I’ve wondered about that imbalance. Maybe everyone already has a wonderful local support network of friends and family? Maybe the thought of asking me for that referral feels so traumatic that suffering in isolation seems easier? Maybe the mere fact that the program is advertised in the bulletin is enough to normalize conversations among friends about an all-too-common experience in our community. That alone can allow those experiencing infertility to get away from seeing themselves as medical diagnoses and can instead understand that they are experiencing a process, ultimately no different then every other human being who traverse this world in a body that doesn’t always cooperate with our plans.
Why is it so easy to turn verbs into nouns and to label and stigmatize one another when “tumah happens” and our embodied selves encounter a dangerous and messy world? Why is it so challenging for those of us who can’t see our own lives reflected in the fairytales that we tell about what it means to be a good Jew? Why do we even tell those fairy tales? It is so destructive for fairy tales replace an honest understanding of the diversity of our community and the many paths that our lives take.
I believe that we tell those fairy tales because we are trying to sell our community and to promote our sacred way of life using secular yardsticks. Join our team! We easily achieve academic success, marry young, produce cute children, and then enjoy unencumbered professional achievements and satisfaction! There is nothing wrong about happiness, success, and cute children, but our own allegiance to Judaism should be about more than just an attachment to the finer things in life, with a Hebrew veneer.
A religious ideology and lifestyle should be evaluated by its adherents “olam ha’bah acceptance rate.” Since we cannot know how God evaluates and values our mitzvot, we look for proxies.
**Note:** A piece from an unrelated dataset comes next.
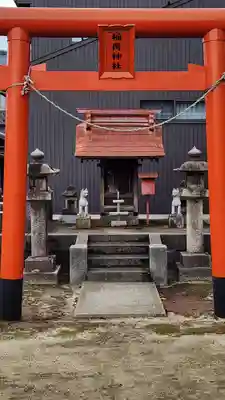 八幡神社(新潟県)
Does our connection to Torah and mitzvot provide opportunities for us to experience transcendence? Do we encounter sanctity? Does our way of life promote ethical excellence and intellectual stimulation? Are those in pain comforted? Are those who are lonely find companionship? When we celebrate good times, do we set an extra spot at the table?
Our community isn’t defined by our demographics or by how many members are successful in various ways. Our labels do not define us, not the positive labels and not the negative stigmatized labels either – we aren’t a collection of nouns. We are a collection of verbs, living human beings who have the chance to do, and to be, and to make a difference.
The Torah’s system of tumah and taharah, the vast body of purity regulations and laws that at one time comprised fully 1/6th of the corpus of the Oral Torah, are, ultimately, about how to process being a human being in a body. Tumah happens. Tumah happens because we are human beings. Thankfully, the Torah teaches us how to navigate around those episodes, and to then find taharah, purity, and ultimately kedushah, sanctity.